[COLLECTED DATA]:
********
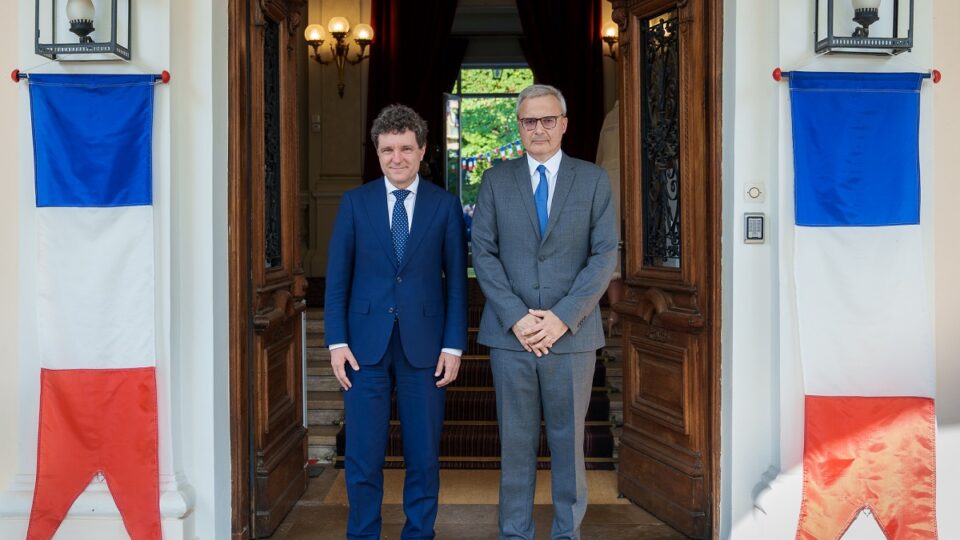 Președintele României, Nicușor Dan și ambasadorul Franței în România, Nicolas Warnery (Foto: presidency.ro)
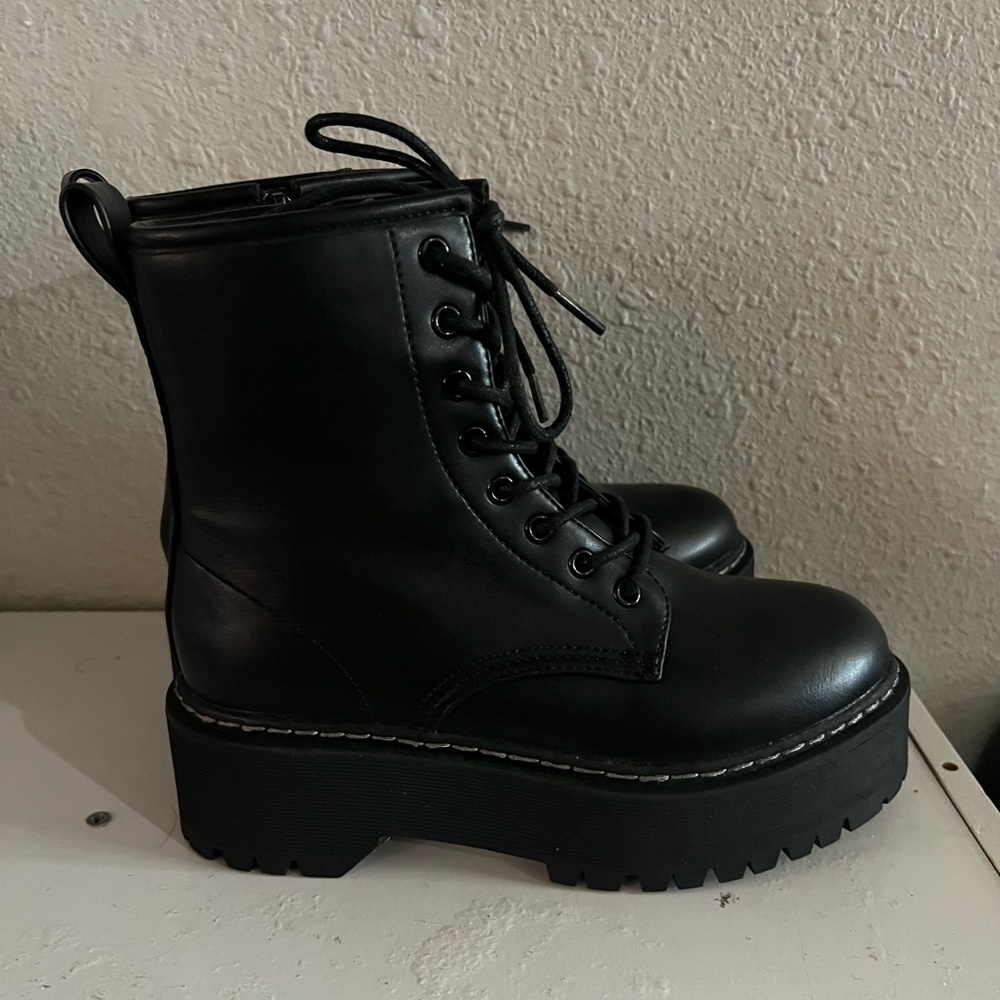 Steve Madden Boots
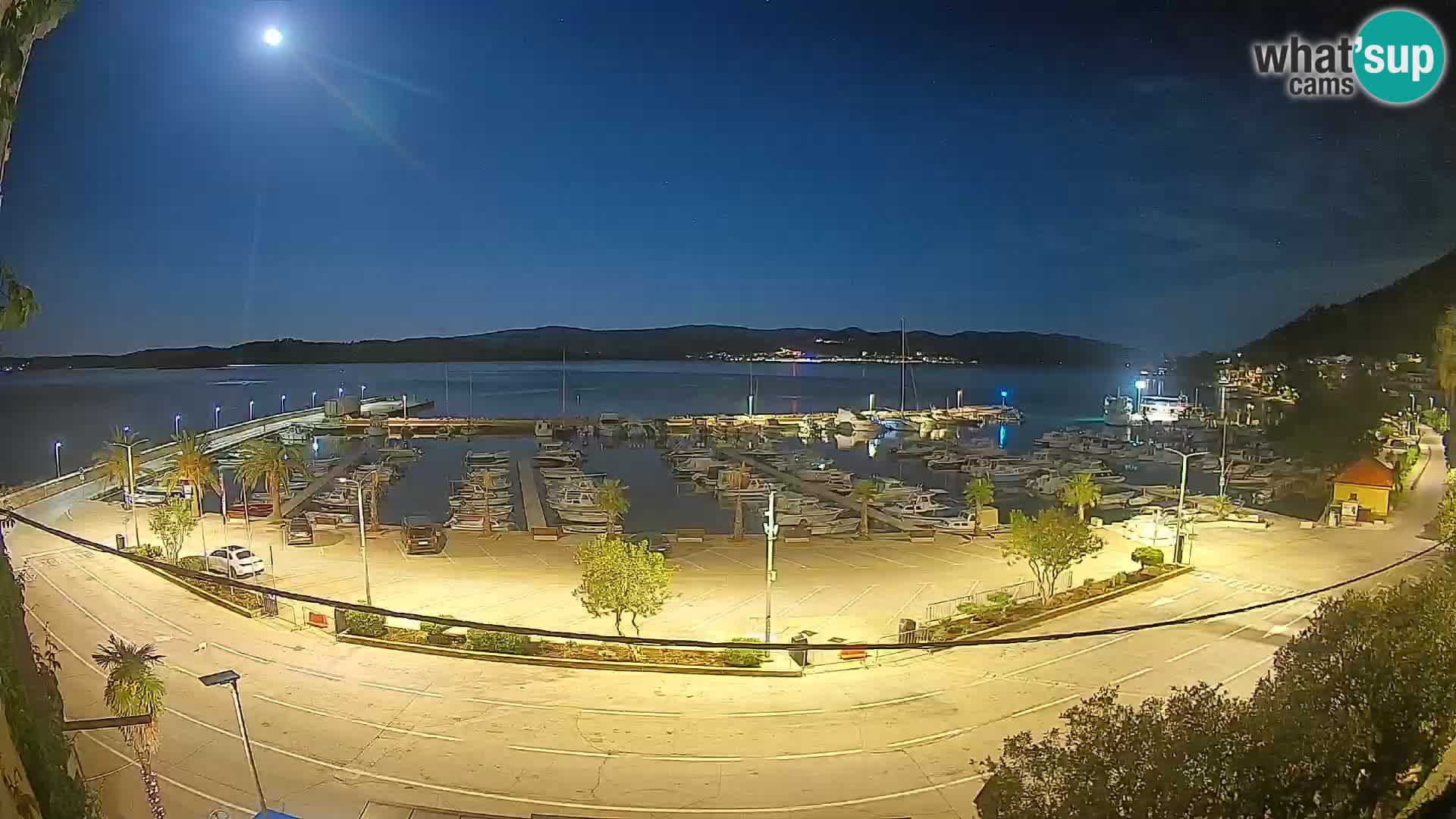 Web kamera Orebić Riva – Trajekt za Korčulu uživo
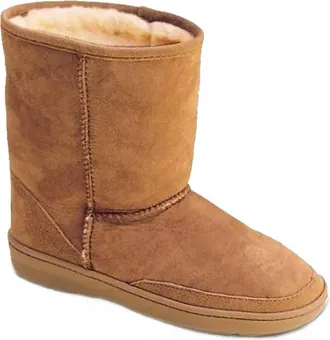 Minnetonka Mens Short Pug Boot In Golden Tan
********
[EXERCISE INSTRUCTIONS]:
When you copy the data, keep every line exact and leave out each picture.

[FINISHED EXERCISE]:
 Președintele României, Nicușor Dan și ambasadorul Franței în România, Nicolas Warnery (Foto: presidency.ro)
 Steve Madden Boots
 Web kamera Orebić Riva – Trajekt za Korčulu uživo
 Minnetonka Mens Short Pug Boot In Golden Tan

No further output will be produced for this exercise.